The new research published in the Proceedings of the National Academy Science turns its eye on temperature as a confounding variable and finds climate change is much more definitively connected.
“There’s no question that low precipitation is a prerequisite for severe drought in California but it’s not sufficient,” Noah Diffenbaugh, a senior fellow at the Woods Institute for the Environment at Stanford University, said. “The efficiency of low precipitation turning into severe drought is much higher if there are warm conditions.”
Diffenbaugh led the new research, which analyzed 20 moderate to severe droughts that are on record for California going back to 1896. Those droughts have occurred twice as often since 1995. Wet season precipitation hasn’t changed noticeably over that time period. The big shift has been temperature.
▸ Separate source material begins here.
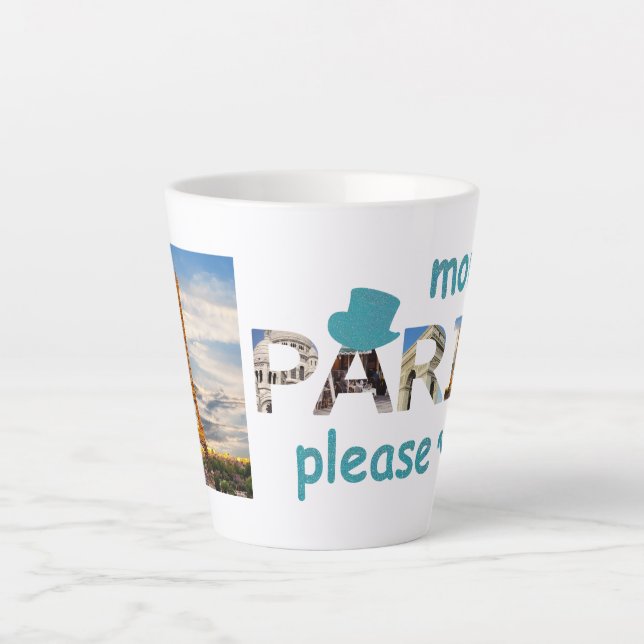 Paris Attractions More Paris Please Blue Glitter Latte Mug (Front)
Prior to 1995, about half of all moderately dry years overlapped with warmer than average temperatures. But since then, every dry year has also occurred in a warm year. In general, 80 percent of the years since 1995 have been warmer than normal for California, a trend likely to continue into the future.
“It used to be flipping two coins independently and getting two tails one-quarter of time. Now we’re getting tails on the temperature coin much more often,” Diffenbaugh said.
By 2030, that coin is projected to land on tails 100 percent of the time as temperatures rise . Precipitation is projected to increase slightly through the end of the century, but warming could offset any gains by either switching snow to rain or melting snowpack earlier in the year. Earlier snowmelt is already occurring in the Sierra Nevada and other mountain ranges across the U.S.
The latest U.S. Drought Monitor map.
Click image to enlarge. Credit: U.S. Drought Monitor
“We’re not arguing every year will be a drought year. But even without any change in precipitation, when low precipitation years occur, there’s 100 percent risk they’ll be occurring in warm or even extremely warm conditions,” Diffenbaugh said.
Park Williams, a researcher at the Lamont-Doherty Tree Ring Laboratory, said in many ways this was the most important aspect of the new paper and a reason to consider agricultural water use reform across the state.
“The current policies are horribly short sighted, and the projections of increased precipitation may act as an excuse for inaction,” Williams said. “(This paper) serves as a reminder that temperature is rising, and the projected continuation of warming is so extreme that California should prepare for an increased frequency of 2014-type water shortages, regardless of whether models project increased precipitation totals.”
At first blush, the analysis of the current drought might appear at odds with a recent analysis funded by the National Oceanic and Atmospheric Administration (NOAA), which showed the drought had its roots in natural causes.
“There is not really any inconsistency between the PNAS paper and our NOAA report,” Richard Seager, a researcher at Lamont-Doherty Earth Observatory and lead author of the NOAA findings, said in an email. “Our report focused on what caused the precipitation drop last winter (and the two before) which was the prime driver of the ongoing drought (as opposed to warm temperatures).”
Diffenbaugh also agreed that the two papers weren’t necessarily at odds, noting that, “the public watching the scientific process unfold in real time.”